*** DATA EXTRACTS ***

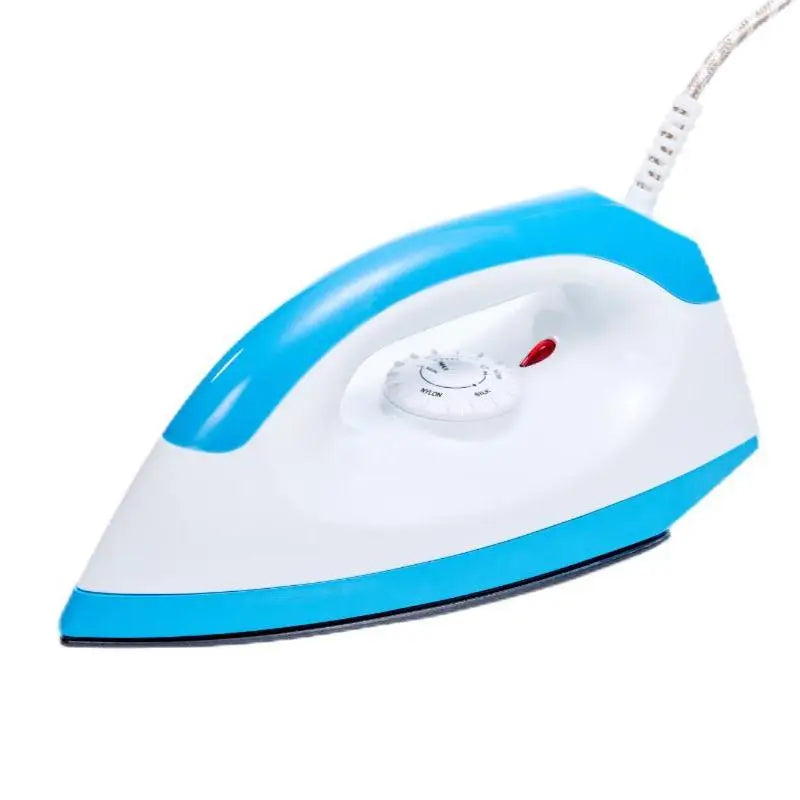 Handheld Portable Household Electric Iron 1000W 5-speed Adjustable Dry Ironing Waterless Iron Suitable For Both Home And Travel
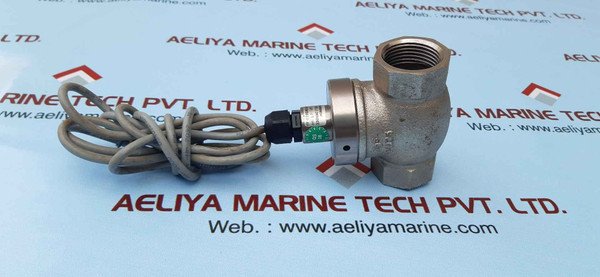 Honsberg Ff-025Gr0155 Piston Flow Switch 230Vac/1A/50Va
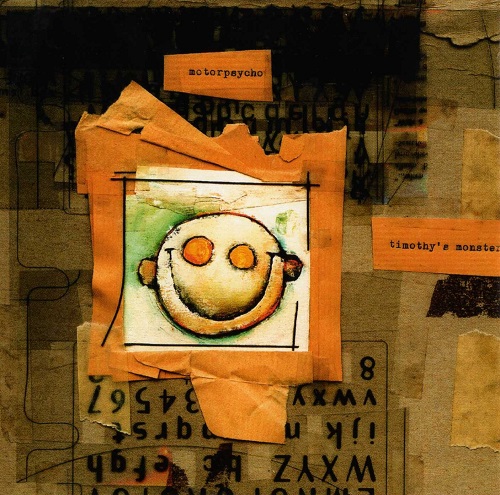 Motorpsycho - Timothy's Monster 1994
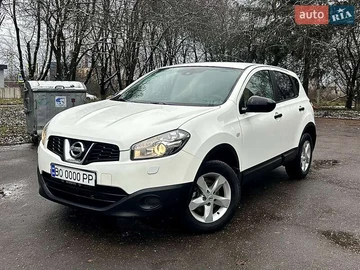Авто Nissan Qashqai 2013 № 8244676
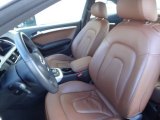 2010 Audi A5 3.2 quattro Coupe Front Seat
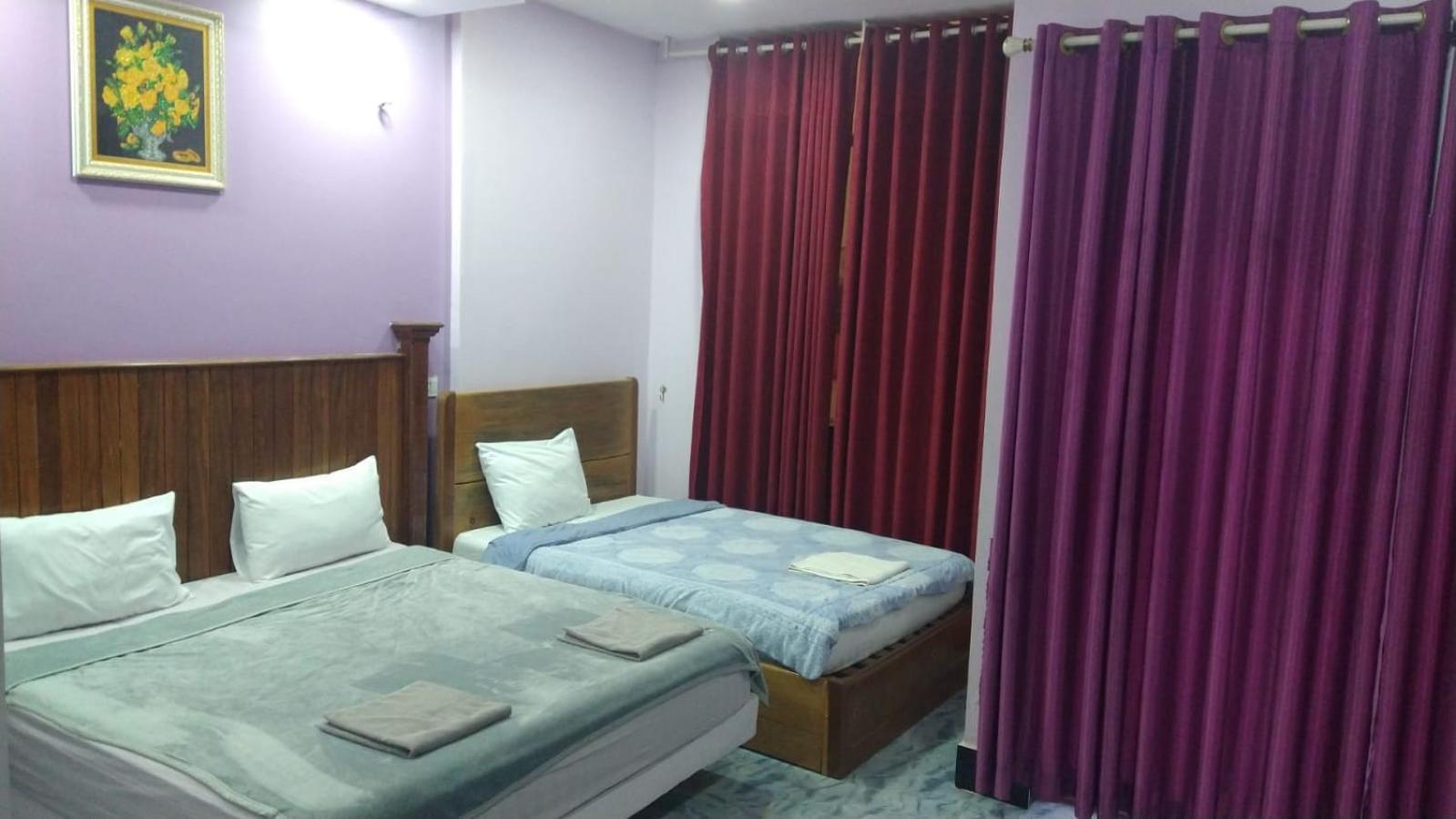 The Vibe Guesthouse 贡布 外观 照片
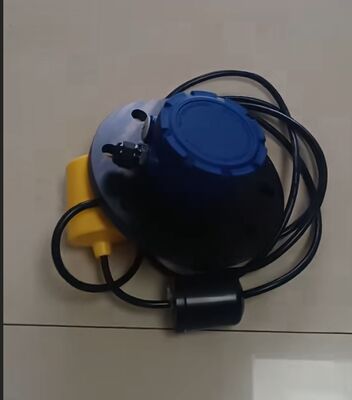 New Original Finetek FAB Cable Float Switch FBX10000-BDCP2CAWE56318P103000 with PP Float PVC Wire and Φ70*108 (10A) for Safe Liquid Level Detection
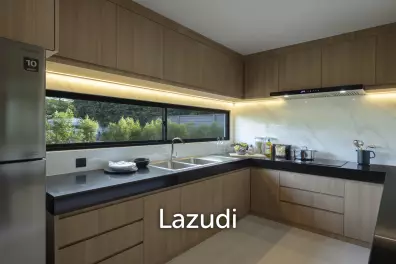 4 Bedrooms 5 Bathrooms 770.8 SQ.M. Ascent by Baan Pattaya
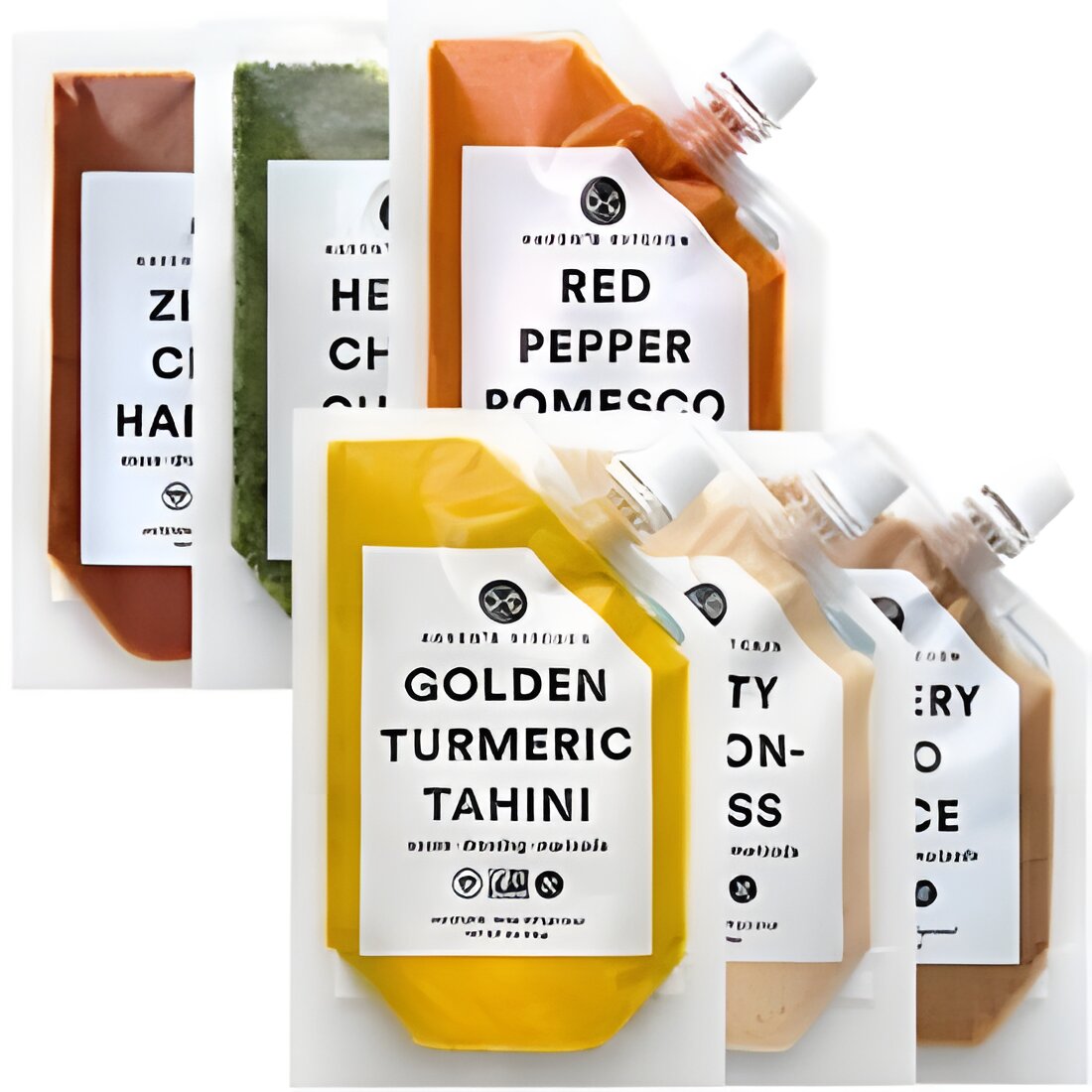 Free Haven's Kitchen Sauces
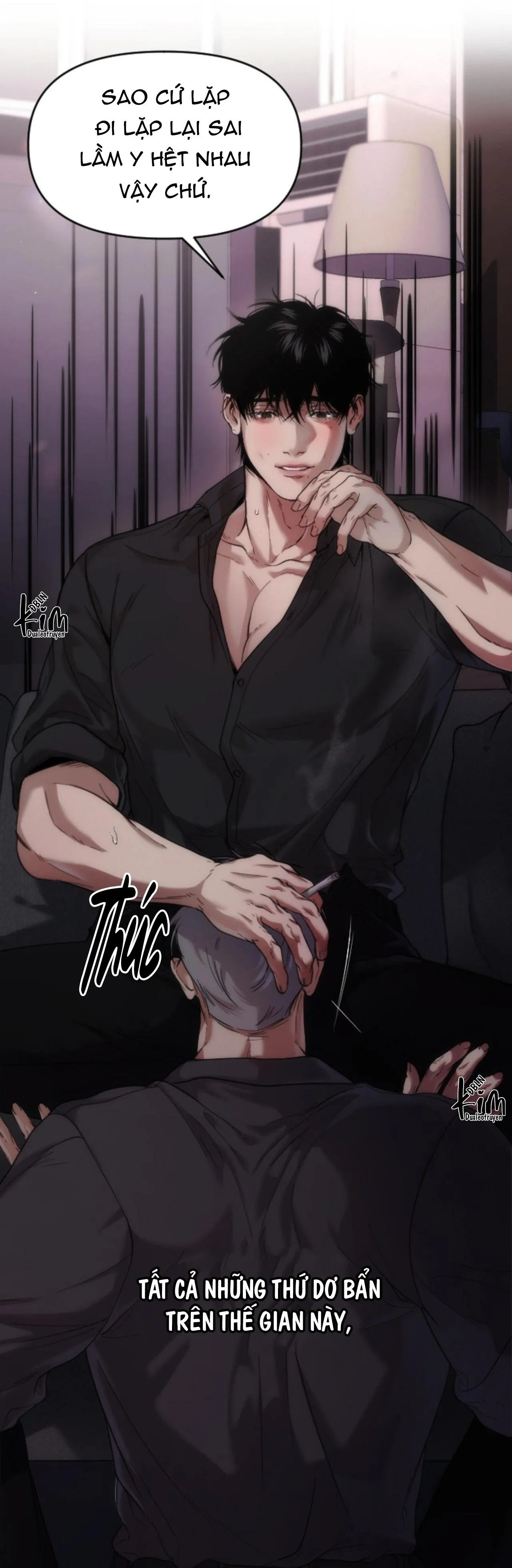 GẠT TÀN Chapter 1 Trang 3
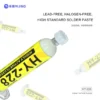 Mijing HY-228 10cc High Activity Lead-Free Halogen-Free Soldering Flux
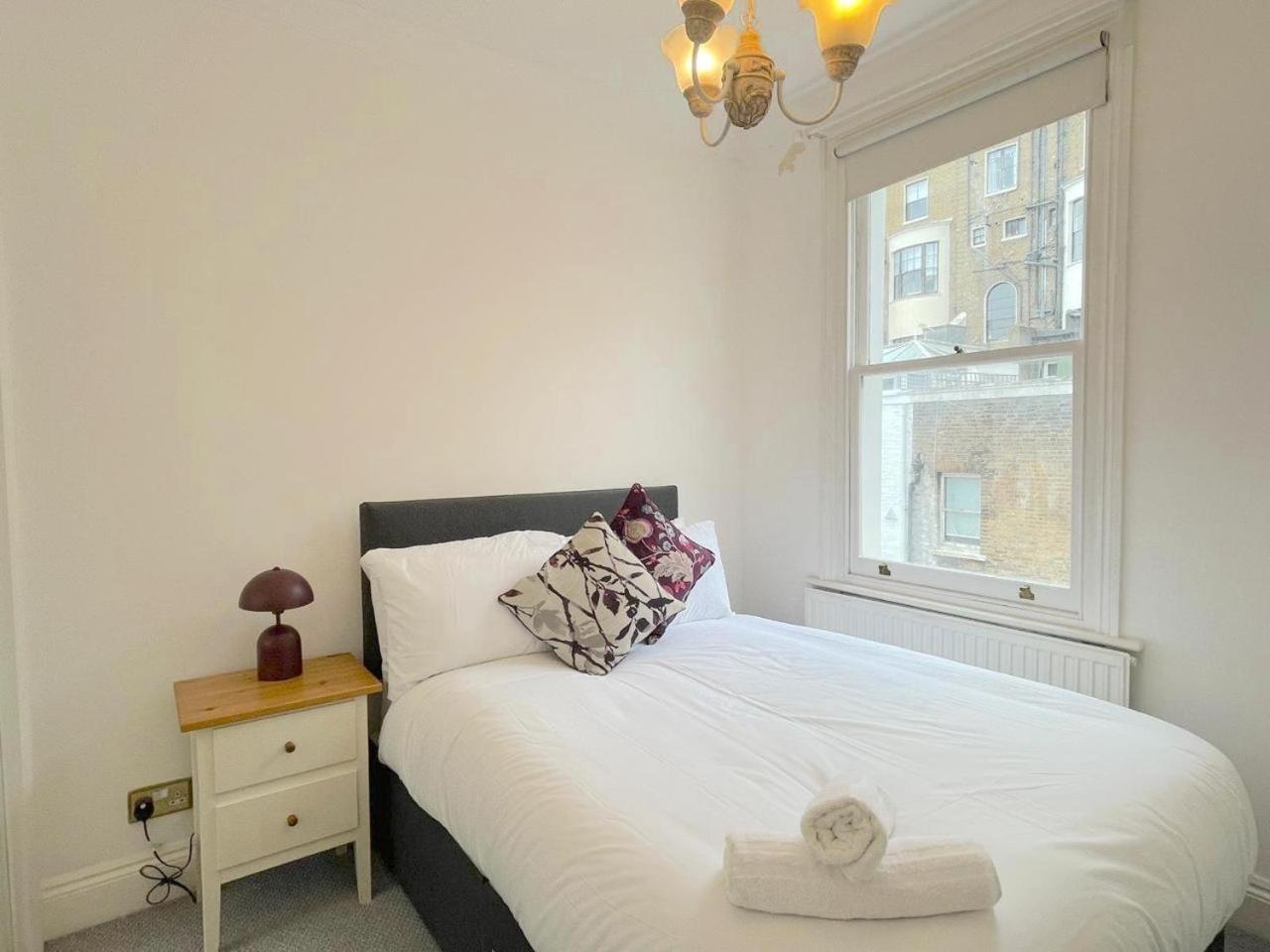 Luxury Apartment In Paddington London Exterior foto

***

A word-for-word transcription of the listing is needed, minus its images.

 Handheld Portable Household Electric Iron 1000W 5-speed Adjustable Dry Ironing Waterless Iron Suitable For Both Home And Travel
 Honsberg Ff-025Gr0155 Piston Flow Switch 230Vac/1A/50Va
 Motorpsycho - Timothy's Monster 1994
Авто Nissan Qashqai 2013 № 8244676
 2010 Audi A5 3.2 quattro Coupe Front Seat
 The Vibe Guesthouse 贡布 外观 照片
 New Original Finetek FAB Cable Float Switch FBX10000-BDCP2CAWE56318P103000 with PP Float PVC Wire and Φ70*108 (10A) for Safe Liquid Level Detection
 4 Bedrooms 5 Bathrooms 770.8 SQ.M. Ascent by Baan Pattaya
 Free Haven's Kitchen Sauces
 GẠT TÀN Chapter 1 Trang 3
 Mijing HY-228 10cc High Activity Lead-Free Halogen-Free Soldering Flux
 Luxury Apartment In Paddington London Exterior foto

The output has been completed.